On Tuesday, OAN’s Chanel Rion defended the movie’s “damning evidence” of “explicitly illegal” activity, and pushed back against “so-called fact checkers” with location data whataboutism and wild speculation about conspirators “using blue surgical gloves in the dead of night … in an eerily systematic fashion.” Rion concluded the report with the statement that True the Vote, the right-wing nonprofit D’Souza worked with, would release its video footage to “confirm to the naysayers” that “President Biden is as illegitimate a president as the evidence illustrates.”
And OAN’s continuing stalwart support of the Big Lie doesn’t stop with promoting the latest installment in D’Souza’s preposterous career:
- On Saturday, Weekly Briefing devoted a significant portion of an interview with Arizona gubernatorial candidate Kari Lake to long-debunked allegations of election fraud, including “SharpieGate,” of which Lake “personally” claimed to have been a victim. Lake told Rion that “we’re going to drag the 2020 election out, … under the spotlight, and we’re going to examine what went wrong. We’ll take that forensic audit, we’re going to find each and every loophole that was used to cheat and steal our vote, and we’re going to fix it.”
- Rion is a co-founder of Voices & Votes, a nonprofit founded with former OAN host Christina Bobb to fund Arizona-style election audits in Pennsylvania, Wisconsin, Michigan, and Georgia. During her time at OAN, Bobb used Voices & Votes to fund the Arizona audit, while using her OAN coverage of the same audit to fundraise for the group.
- In January, while defending itself against a $1.6 billion defamation suit from Dominion Voting Systems, OAN aired a regular guest’s highly misleading claim that U.S. courts found Dominion machines “to be illegal” prior to the 2020 election.
- That same month, OAN devoted part of an interview with former President Donald Trump to lies about a rigged election. Trump told Bobb, whom he later hired back from OAN, that “you cover this better than anybody, and what you do and what OAN does is so important.”
- OAN devoted large chunks of its summer 2021 programming to the deluded election fantasies of MyPillow CEO Mike Lindell. The network aired or promoted his many “documentaries” purporting to prove fraud; gave him friendly interviews to push his crusade; advertised his three-day “cyber symposium” over 150 times in one week, then aired over 30 hours of it live; and, on one occasion, gave 2 hours of prime-time coverage up to a livestream of Lindell’s various grievances.
- In March 2021, OAN founder and CEO Robert Herring endorsed further investigation of election fraud allegations, claiming that type of fraud that targeted Trump “probably happened to Roy Moore,” a former GOP Senate candidate whose 2017 special election campaign imploded under reports of child sexual abuse, “and it’s probably happening to a lot of others.
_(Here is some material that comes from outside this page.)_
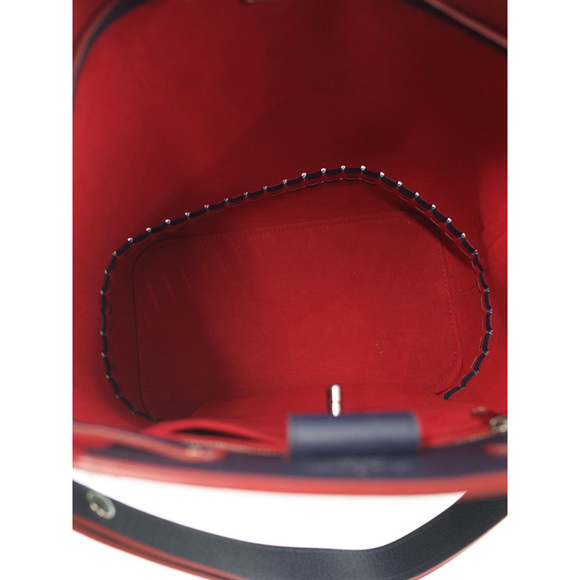 Louis Vuitton Lock Me Bucket Shoulder Bag - Picture 3 of 9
We need to investigate this, really. I mean, seriously, the people need to figure out what’s happening.”
A highly specific and likely legally compelled report debunking false claims about ballot counting, in only one location, without even a mention of its previous false reports, is not a change of course for the network. Spreading lies about election fraud is OAN’s bread and butter.